* [WORK TASK]
Find the line that contains "14090 Eagle Ridge" in the records below, then repeat exactly that line and each one after it, leaving pictures out.

Image-text web data
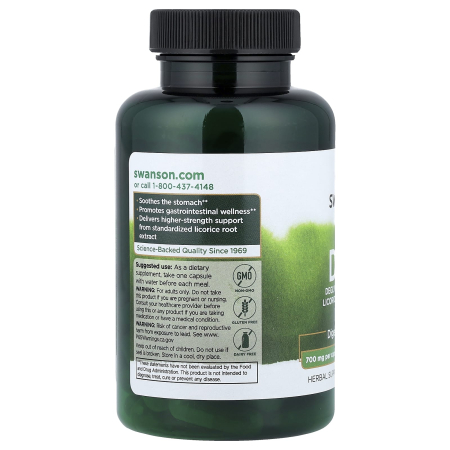 dgl-extract-lemn-dulce-swanson [2]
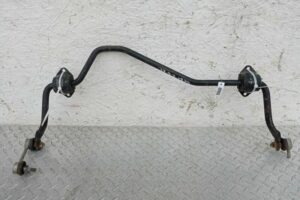 Изображение товара 195026 - 00195026 stabilizator zadnij 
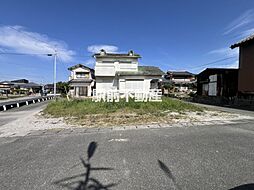 城島町城島土地 1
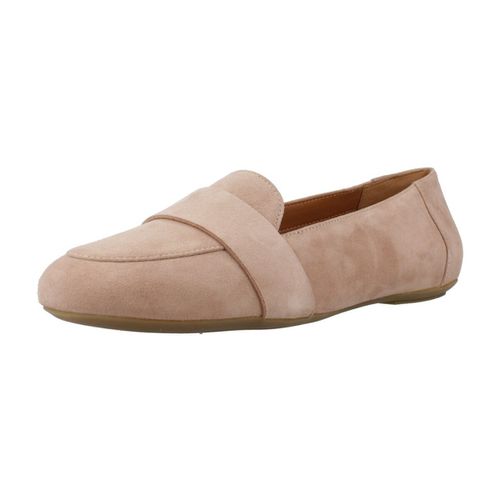 Ballerine Geox D PALMARIA - Geox - Modalova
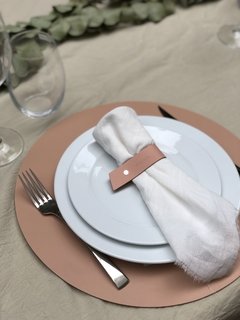 Imagen de PLATO DE SITIO ALLARIZ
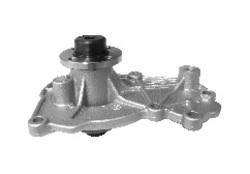 VMG BOMBA AGUA RANGER MOTOR HS 3.0 TD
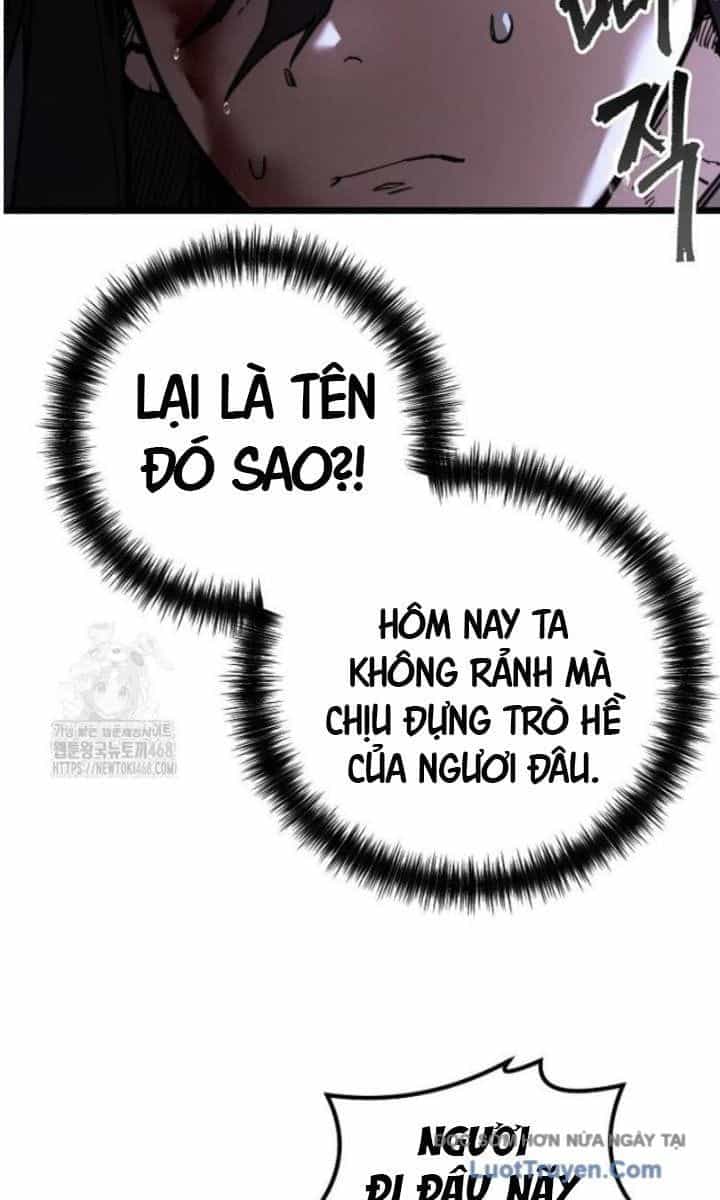 Thương Quỷ Vô Song - Chương 17 - ảnh 22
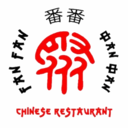 Fan Fan logo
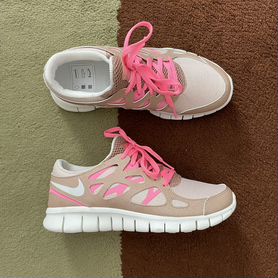 Nike free 7.0 beige clearance
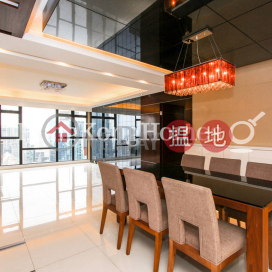 3 Bedroom Family Unit for Rent at The Grand Panorama | The Grand Panorama 嘉兆臺 _0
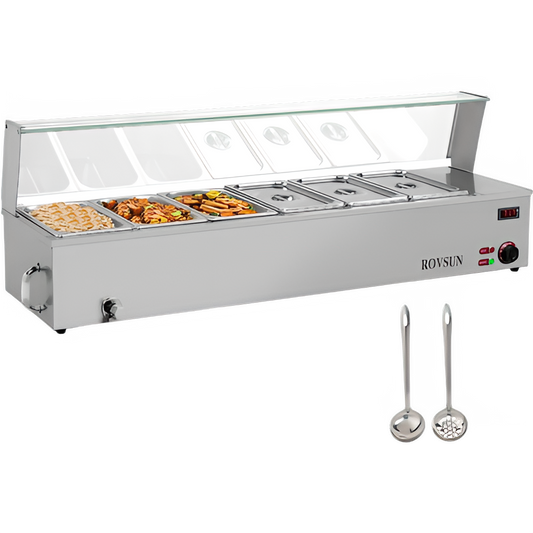 486b82d0-94ca-42c7-8cc8-f35445ffd167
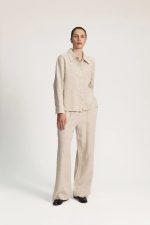 Galina pants - Bilde 2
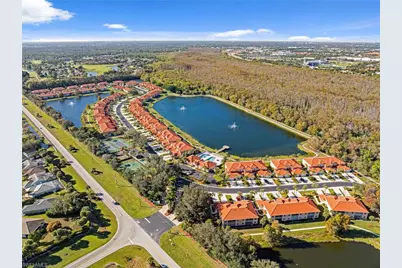 14090 Eagle Ridge Lakes Dr #101, Fort Myers, FL 33912 - Photo 42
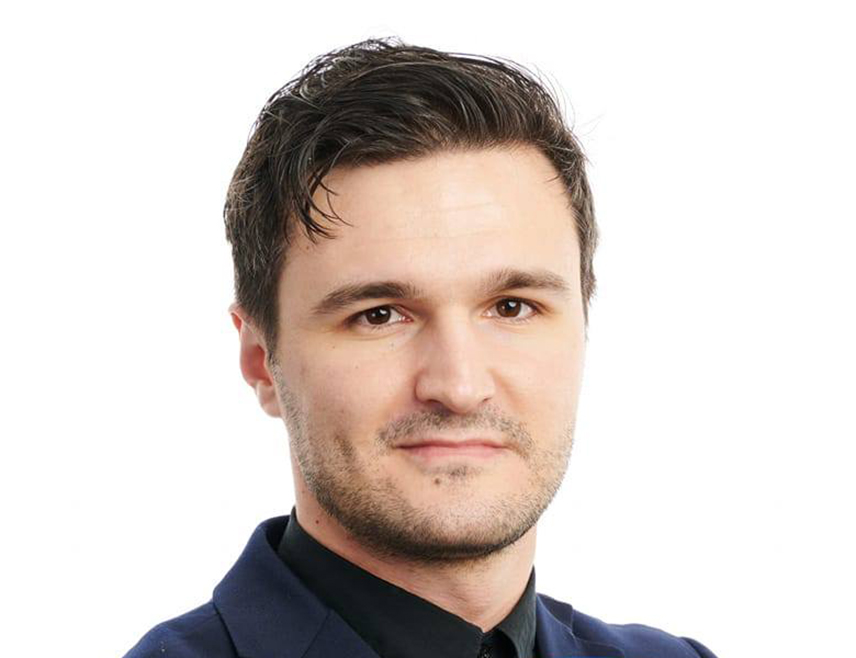 ХЕЛСИНКИ, 3. СЕПТЕМБРА /СРНА/ - Члан финске Слободарске странке Армандо Мема осудио је пријетње украјинског предсједника Владимира Зеленског цивилном ваздухопловству Русије.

* [EXERCISE RESULT]
 14090 Eagle Ridge Lakes Dr #101, Fort Myers, FL 33912 - Photo 42
 ХЕЛСИНКИ, 3. СЕПТЕМБРА /СРНА/ - Члан финске Слободарске странке Армандо Мема осудио је пријетње украјинског предсједника Владимира Зеленског цивилном ваздухопловству Русије.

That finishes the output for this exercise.